Leia também a nota de posicionamento da Amigas da Terra Brasil  “INUNDAÇÃO NO RS: A emergência é climática, a responsabilidade é política. A solidariedade, a nossa força”

 

As mudanças climáticas, os crimes corporativos e a injustiça ambiental

COP28 mantém a hipocrisia dos espaços multilaterais internacionais do clima. Enquanto Estados tentam redesenhar os Acordos de Paris, manipulando a contabilidade das reduções das emissões e a polêmica sobre o financiamento do clima, empresas transnacionais hegemonizam as discussões com as propostas de solução “verde”. Tais propostas envolvem investimentos do capital financeiro no uso de hidrogênio verde, em geração de energia eólica e solar e em eletrificação de carros, todas respostas pensadas nos termos de uma economia extrativa com impactos desproporcionais no Sul Global, aprofundando desigualdades e injustiças ambientais.

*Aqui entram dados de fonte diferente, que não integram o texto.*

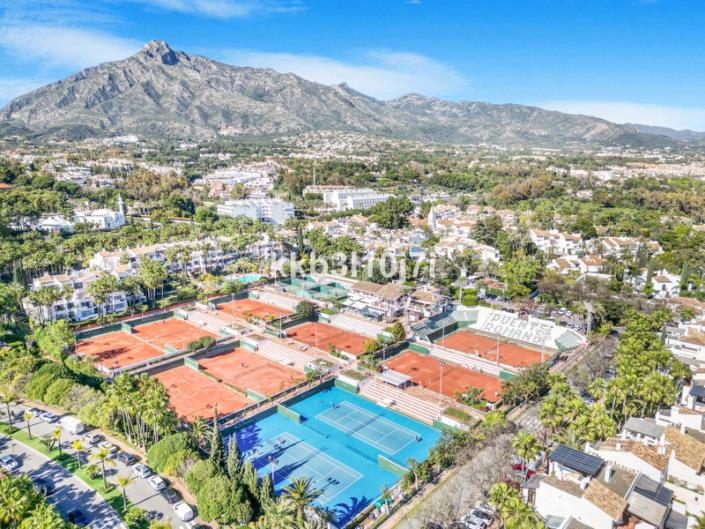 Image No.22-3 Bed Apartment for sale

Enquanto isso, o Brasil acumula muitas contradições ao seguir mantendo sua subordinação às empresas transnacionais. Na própria COP 28, a tenda Brasil, organizada pelo governo, com o lema “Brasil unido em sua diversidade a caminho do futuro sustentável”, contava com painéis das empresas Vale S.A e Braskem, duas mineradoras responsáveis pelos maiores crimes socioambientais do país. Além delas, o Pacto Global da ONU (Organização das Nações Unidas),  mecanismo promotor da responsabilidade social corporativa, teve seu espaço na tenda. O que corporações conhecidas nacionalmente pela violação aos direitos humanos e ambientais dos povos, e o instrumento corporativo de “lavagem verde e social” têm para construir e agregar à nossa nação?

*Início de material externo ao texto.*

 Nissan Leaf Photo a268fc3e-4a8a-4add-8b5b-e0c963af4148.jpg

A Vale S.A, BHP Billiton Brasil Ltda. e Samarco Mineração S.A são responsáveis pelos rompimentos das barragens de Fundão, na cidade de Mariana, e Córrego do Feijão, em Brumadinho, ambas no estado de Minas Gerais – afora outras diversas barragens de rejeitos em risco de rompimento no país. Por anos, a empresa vinha sendo alertada pelos órgãos de fiscalização da necessidade de reforço da segurança das minas. Inclusive, especialistas apontam para o risco do uso de determinadas tecnologias no manejo do rejeito. Nenhuma das políticas corporativas conseguiu conter a destruição. E vale ressaltar que, nesses oito anos do desastre de Fundão, as vítimas seguem buscando indenização. O que os casos revelam é a reprodução de uma arquitetura da impunidade corporativa.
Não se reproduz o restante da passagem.